La festa del Santo eremita, celebrata in oltre un terzo dei comuni isolani
il giorno 16 e 17, particolarmente radicata in tutto il Goceano, è
la ricorrenza più diffusa in Sardegna. In alcuni centri segna anche
l’inizio del carnevale, con la prima uscita delle maschere della
tradizione e l’offerta di pietanze e dei caratteristici dolci locali
de su fogu (tilicas, cotzulos, copuletas); ad Illorai vige la tradizione
consolidata de su turrone de santu Antoni, preparato con il pregiato miele
locale. Diversi , da paese a paese, i suggestivi cerimoniali che si svolgono
attorno ai giganteschi falò. Si rievoca il gioioso grido del Santo,
dopo aver portato via il fuoco al maligno con un artificio, per donarlo
a tutta l’umanità: “fogu, fogu peri su logu, peri su
mundhu fogu jucundhu!”. E ancora, con un dolce de su fogu tra le
mani, si esegue il rito de s’inghiriu del falò, che consiste
nell’effettuare sei giri attorno alle fiamme; tre in senso orario
e tre in senso contrario.
Antonio abate -conosciuto diffusamente anche come Antonio il Grande, A.
del Deserto, A. del Fuoco, e A. l’Anacoreta- nasce in Egitto a Coma,
l’odierna Qumans, nel 250 circa. A
vent’anni abbandona l’agiatezza economica, derivante dai beni
dei genitori prematuramente scomparsi, e seguendo l’esortazione
evangelica distribuisce i suoi beni totalmente ai poveri. Sceglie la vita
solitaria nel deserto della Tebaide, dove visse con fama di santità,
fino alla scomparsa da ultracentenario il 17 gennaio del 356. E’
venerato principalmente dalla Chiesa cattolica, luterana e copta; considerato
il padre fondatore del monachesimo, viene rappresentato con gli emblemi
della croce a T (“la tau”), il bastone pastorale, la campana,
il maiale (per estensione è protettore degli animali domestici)

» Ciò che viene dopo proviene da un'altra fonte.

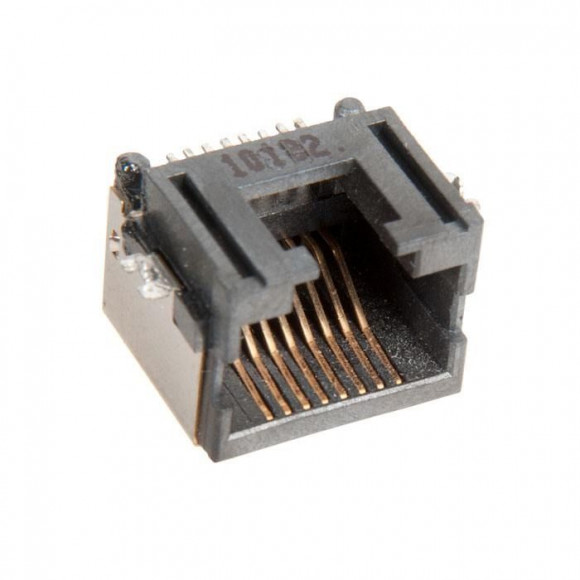 Разъем LAN для ноутбука MSI MS-N0141 с разбора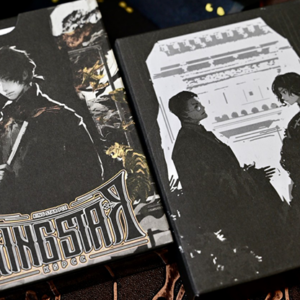 Divine Artifact: Iron Unchain Deck - magic tricks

e naturalmente il fuoco. La vicenda umana e di fede dell’abate Antonio
è pervenuta e nota soprattutto per l’opera agiografica di
sant’Atanasio, vescovo di Alessandria, che, pubblicando la Vita
Antonii nel 357, contribuì a diffondere la figura e l’esempio
in tutta la cristianità. L’usanza di accendere i falò
in onore di sant’Antonio, secondo uno scritto di Antonio Borrelli,
viene, oltreché per le guarigioni dal “fuoco” procurato
dall’herpes zoster, dalla leggenda popolare riferita al Santo “che
si recò all’inferno, per contendere l’anima di alcuni
morti al diavolo e mentre il suo maialino sgattaiolato dentro, creava
scompiglio fra i demoni, lui accese col fuoco infernale il suo bastone
a “tau” e lo portò fuori insieme al maialino recuperato
e lo donò all’umanità, accendendo una catasta di legno”.